Sunday, June 28, 2009

Have a Clue? (2nd edition)

Do we really have a clue? Do parents realize thatat age 9-10 today many young girls are hitting puberty? Boys at 10 know about sex? Are we as parents or grandparents aware of how technically"aware" they may be at this age,but they are still naive kids, right? What a dangerous combination this can be.

Just because our children know how to upload a questionable photo of a classmate (who puts it out there not knowing it's there for life), why would they? Does a 6th grader view that any differently than sending the latest gossip on their cellphones to a classmate, much less the entire class? Is a 5th grader who is expelled from school for an angry remark made on a My Space really responsible for a a crime? Our kids are so able to get their hands on such technology that can do such harm or make others feel in danger. Can we hold these children totally responsible?

Having been a guidance counselor for 15 years it is scary to have witnessed how quickly one texted remark can cause a total disruptionof a grade level if not an entire school or neighborhood. Are we adults really "awake" to that possiblity, if not probability? Are we supervising our child's online or cell communications where many times these problems all start right in our homes? Are we willing to risk not being a friend to our child or grandchild in order to protect them and others? They will accuse us of invading their privacy as we try to keep them safe from themselves. Can't we handle that?They may be far ahead of you in technological knowledge...but they are still 11, 12, 13 ....with all those ages bring with it! "Tweens" and teens they are all "doing it"...texting, emailing and hosting their own social networkpages! I think as parents and grandparents we want to believe,well our kids would never! Well folks...not only would they ever.... they most certainly already are! Do you want to take that chance, really? It only takes them a minute to type or text....something they may or may not realize is wrong...but changes their lives forever!


Jodi H. Underhill MEd. LMHC
Licensed Mental Health Counselor &
Certified K-12 Guidance Counselor
License #MH9166
Phone: 386.747.7148
Fax: 407.264.8289
www.junderhilltherapy.com

Monday, June 22, 2009

It's Easy From the Bench

"It is not the critic who counts; not the man who points out how the strong man stumbles, or where the doer of deeds could have done them better. The credit belongs to the man who is actually in the arena, whose face is marred by dust and sweat and blood; who strives valiantly; who errs, who comes short again and again, because there is no effort without error and shortcoming; but who does actually strive to do the deeds; who knows great enthusiasms, the great devotions; who spends himself in a worthy cause; who at the best knows in the end the triumph of high achievement, and who at the worst, if he fails, at least fails while daring greatly, so that his place shall never be with those cold and timid souls who neither know victory nor defeat." (Theodore Roosevelt)
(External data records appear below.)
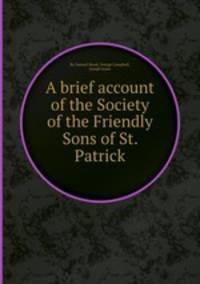 A brief account of the Society of the Friendly Sons of St. Patrick
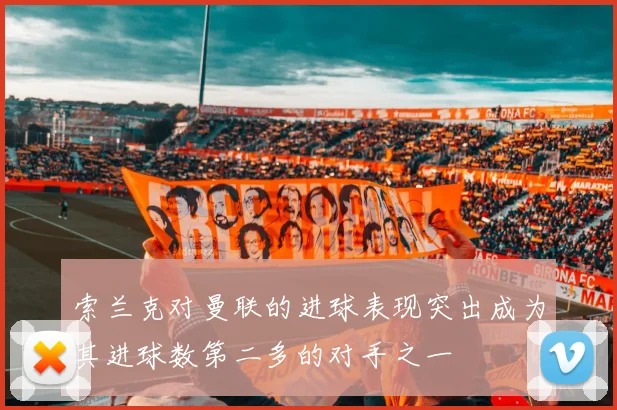 索兰克对曼联的进球表现突出成为其进球数第二多的对手之一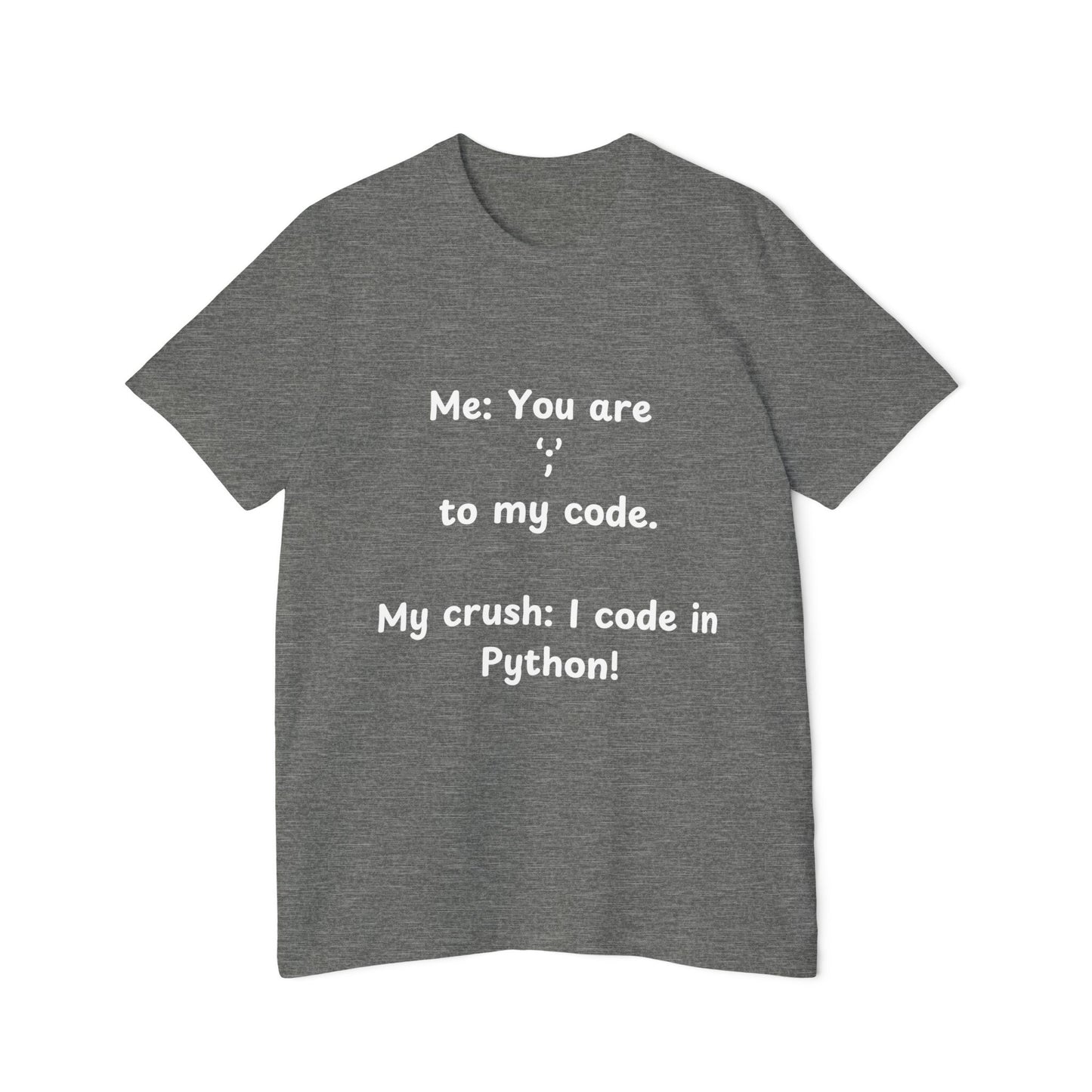 Python Semicolon Pickup Line Programmer Humor T Shirt | Coding Romance Meme Tees | Usha Creations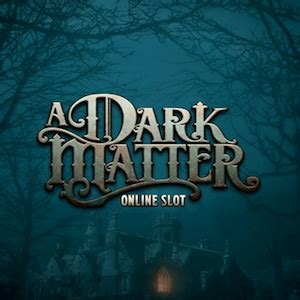 A Dark Matter 888 Casino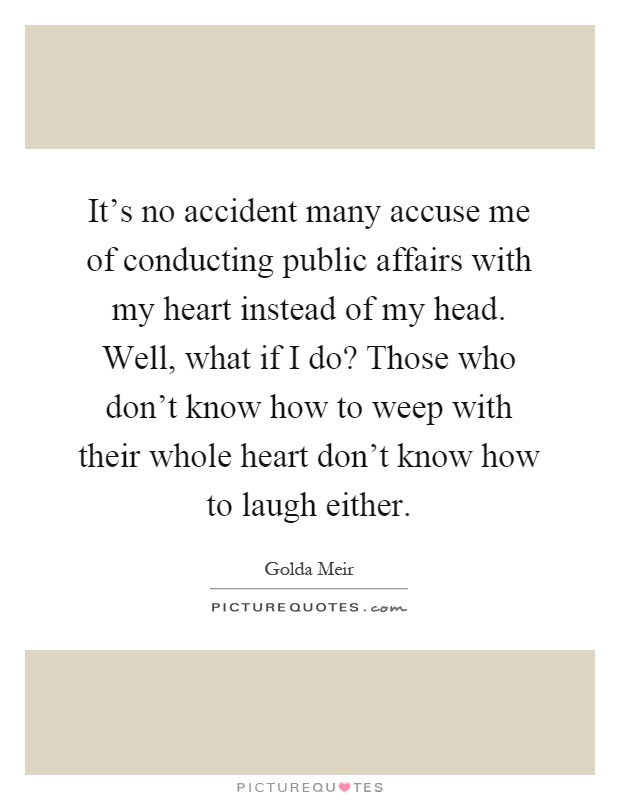 It's no accident many accuse me of conducting public affairs with my heart instead of my head. Well, what if I do? Those who don't know how to weep with their whole heart don't know how to laugh either Picture Quote #1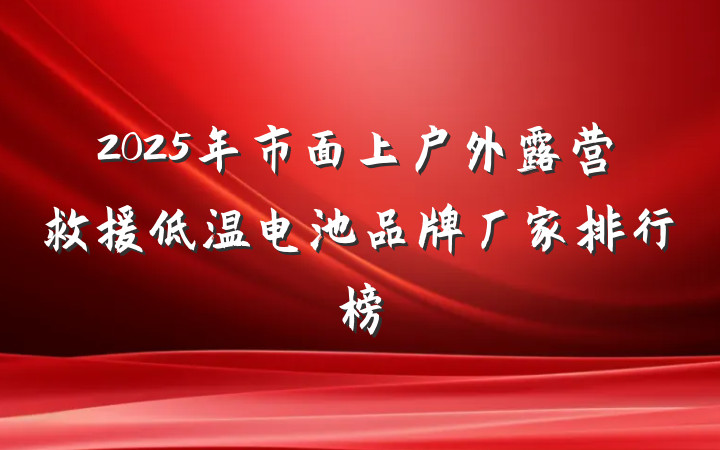 2025年市面上户外露营救援低温电池品牌厂家排行榜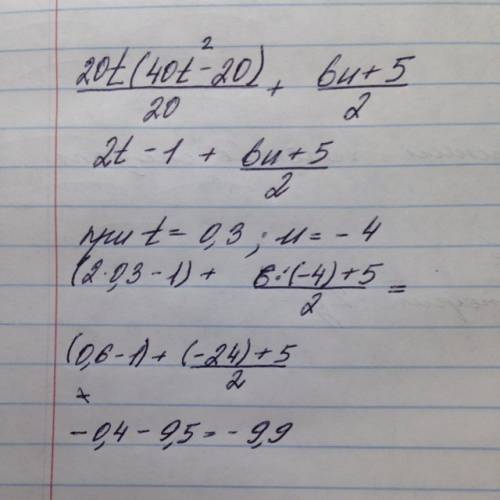 (40t^2−20t): (20t)+(6u+5): 2 если t=0,3,u=−4 все 86 (это все у меня) ,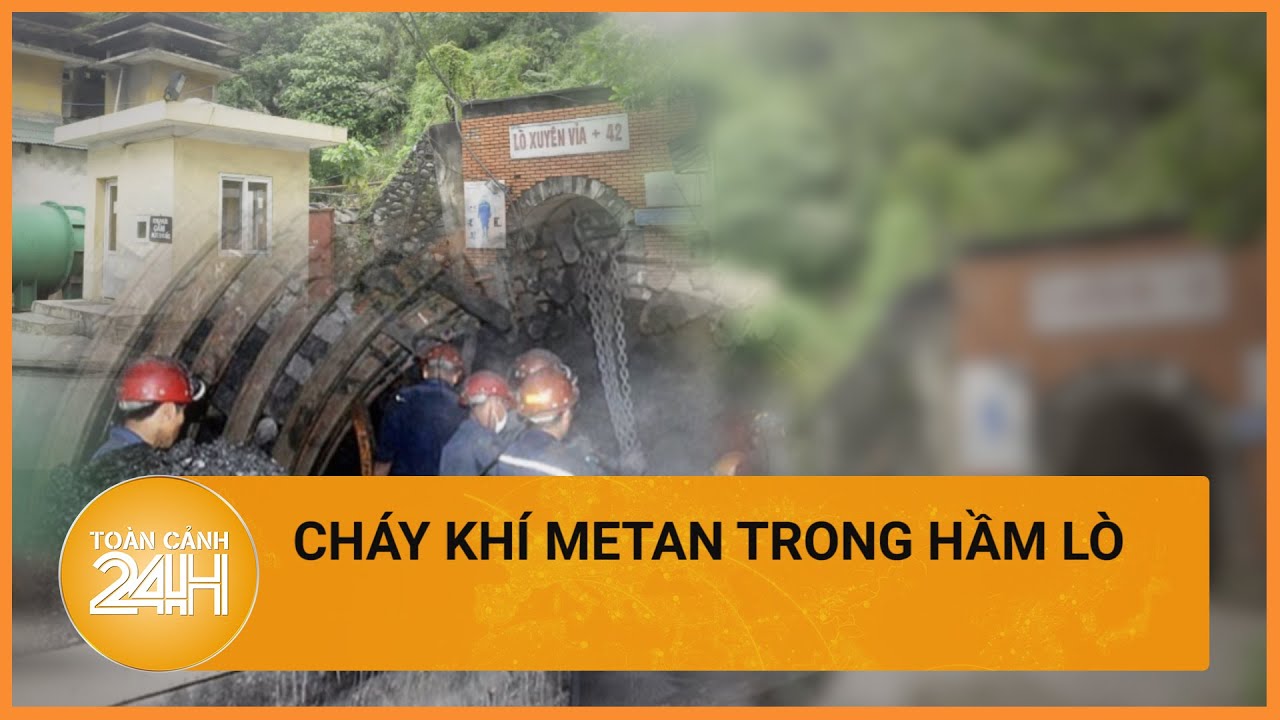 Cháy khí metan trong hầm lò ở Quảng Ninh khiến nhiều người thương vong | Toàn cảnh 24h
The Monday morning quarterback, the talking heads on cable news....these
are not we need to admire. The real heroes are those out there in the streets
demanding fairness, the politician making the tough decisions,
(or not making them?) and the every day person going to work so they can support their responsibilities. It is so easy from the sidelines.... isn't it Joe? View Gals? Bill O? It's so easy from the sidelines.
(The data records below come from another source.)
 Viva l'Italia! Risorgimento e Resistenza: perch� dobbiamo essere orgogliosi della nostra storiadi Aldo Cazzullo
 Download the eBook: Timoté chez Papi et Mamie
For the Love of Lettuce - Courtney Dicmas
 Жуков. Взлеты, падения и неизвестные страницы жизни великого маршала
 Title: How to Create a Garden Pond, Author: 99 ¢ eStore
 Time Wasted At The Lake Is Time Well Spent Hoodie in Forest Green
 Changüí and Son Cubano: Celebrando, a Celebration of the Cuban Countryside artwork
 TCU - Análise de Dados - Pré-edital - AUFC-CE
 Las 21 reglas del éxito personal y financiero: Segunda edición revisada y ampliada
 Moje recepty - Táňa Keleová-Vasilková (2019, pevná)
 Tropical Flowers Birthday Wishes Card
Jodi H. Underhill MEd. LMHC
Licensed Mental Health Counselor &
Certified K-12 Guidance Counselor
License #MH9166
Phone: 386.747.7148
Fax: 407.264.8289
www.junderhilltherapy.com

Saturday, June 20, 2009

Ever thought of a little different twist on "Father's
Day"? Perhaps one that encourages the men we
celebrate to honor the title "Father"? So many
children Sunday will be thinking of a person who
not only isn't there....but doesn't take the time
to be involved in their lives. While there are those who beat
the odds, (President Obama)...most kids, both boys
and girls suffer the impact of an absentee father
throughout their lives.

Is it the genes that make a father or can man
grow into a "Dad"? Fathers many times are excluded
from their childrens' lives after a break up with
Mothers only to fall into oblivion believing perhaps
that it is best for their children in the long run. Nothing
could be further from the truth. Whether their children
are boys or girls....the affect on their self esteem
can be irreversable.

Children will take their cues on relationships from one
of the two first models they have....their fathers. John
Mayer once sang, "Fathers be good to your daughters...daughters
will love like you do..." as do sons. For whatever reason for his
absence a Dad who isn't there in a kid's life sends a message to the child...."you aren't worth it"...a clear stamp on their young hearts.
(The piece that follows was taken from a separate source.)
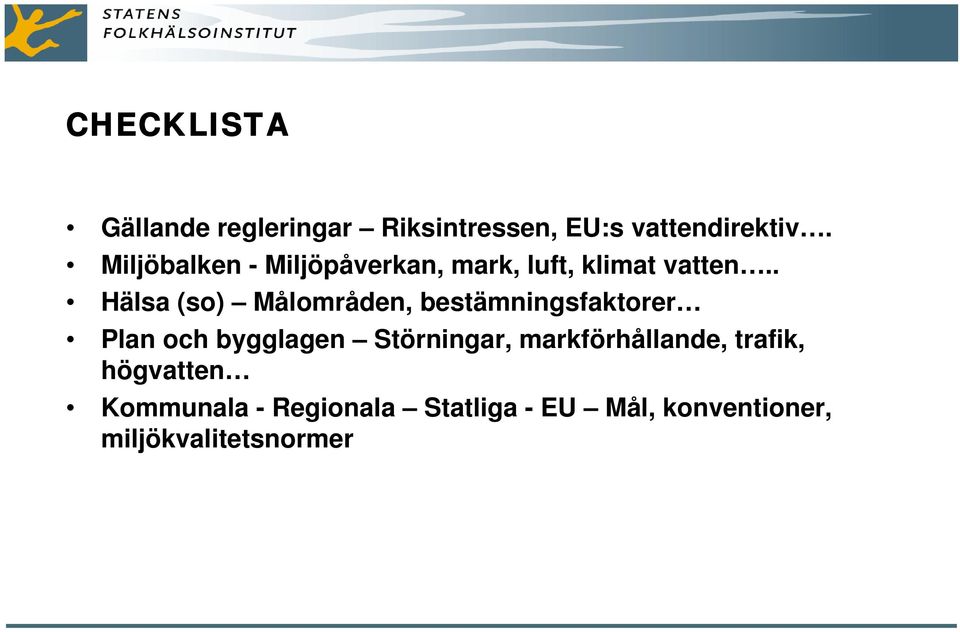 . Hälsa (so) Målområden, bestämningsfaktorer Plan och bygglagen Störningar,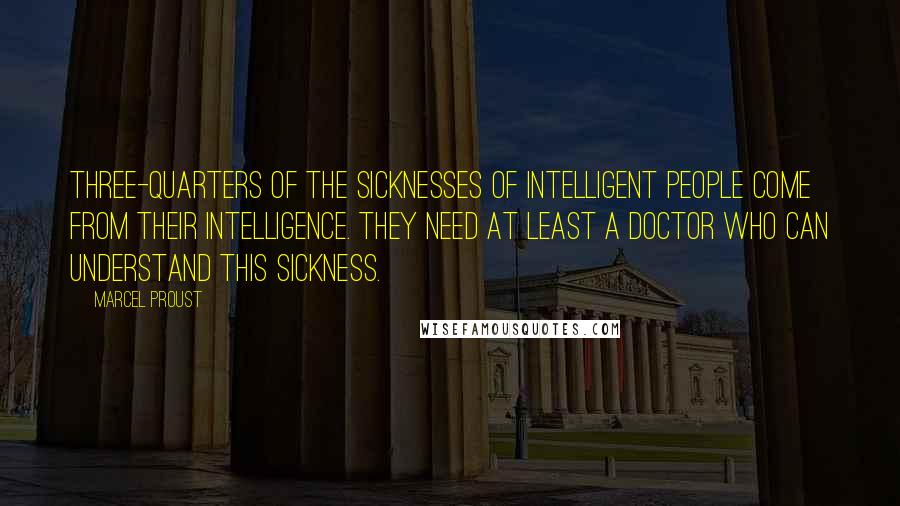 Marcel Proust Quotes: Three-quarters of the sicknesses of intelligent people come from their intelligence. They need at least a doctor who can understand this sickness.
The journey back to your children if you have been gone is not easy and it can
feel like a roller coaster filled with booby traps at times. But, the end game is
reconnecting with that child and to let them know their worth through their
father's eyes. If you honor your title of "Father", "Dad","Pop".....reach out
this Sunday...forgive yourself and pick up then phone. Being a model of
handling the hard work is such a part being a Father after all.


Jodi H. Underhill MEd. LMHC
Licensed Mental Health Counselor &
Certified K-12 Guidance Counselor
License #MH9166
Phone: 386.747.7148
Fax: 407.264.8289
www.junderhilltherapy.com

Monday, June 15, 2009

Taking Care of Ourselves

Taking Care of Ourselves
We all have times in life when we need help. If we or someone in our family doesn't feel well we call the family doctor.However many times our own mental health is not seenas a priority. If you don't taken care ofyourselves then your family, work/school performanceand overall health may suffer.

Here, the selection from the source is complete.